Eaton – The ping of an aluminum bat, the pop of leather and the click-clack of cleats on concrete are audible signs spring has sprung.

The high school baseball season officially starts today, but in the baseball-rich community of Eaton, all eyes are still on the Reds’ Class 3A state tournament-bound boys basketball team that begins Great 8 play today at 7 p.m. at Colorado State’s Moby Arena against Pagosa Springs.

“This is it. This is what we have been waiting for, for a long time,” said junior Cody Ball, one of three basketball players – Drew Smith and Logan Paul are the others – who also play baseball. “It’s still time to play basketball.”

The east end of the Eaton gymnasium is a testament to the stranglehold Jim Danley and his baseball team have had on the Weld County town for the past two decades.
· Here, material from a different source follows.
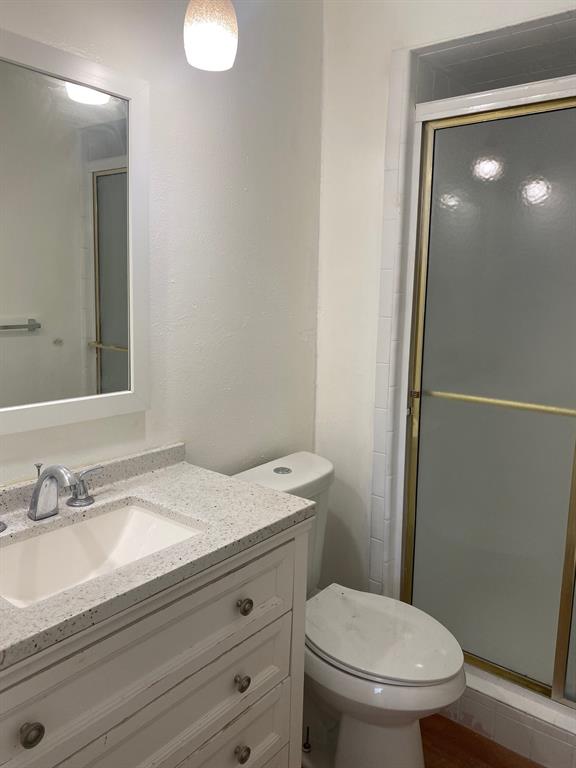1109 Cross Bend Road Plano, TX 75023 - Photo 10 of 11 Vanity featuring a white countertop with integrated sink and chrome faucet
The Reds have won seven state titles, all since 1994, while the hoopsters haven’t been crowned champions since 1991.

“We’ll take it for what it is, but this is definitely a baseball town,” said Smith, a standout senior pitcher. “A state title would be huge in basketball, and it would do a lot for the baseball team as well.”

The man in charge of turning the basketball team around is Dean Grable, who, along with brother Keith (now a running backs coach at Northern Colorado) put Horizon High School on the map in the early and mid-1990s as top players who led runs to first the basketball and then the football title games in 1994. The 1994 basketball team, coached by Dave Lawrence, lost to George Washington, with Chauncey Billups and coach Bob Caton (now with Aurora Central), by four points.

At UNC, the Grables were part of the Bears’ Division II national championship football teams in 1996 and 1997 under Joe Glenn, now the coach at Wyoming.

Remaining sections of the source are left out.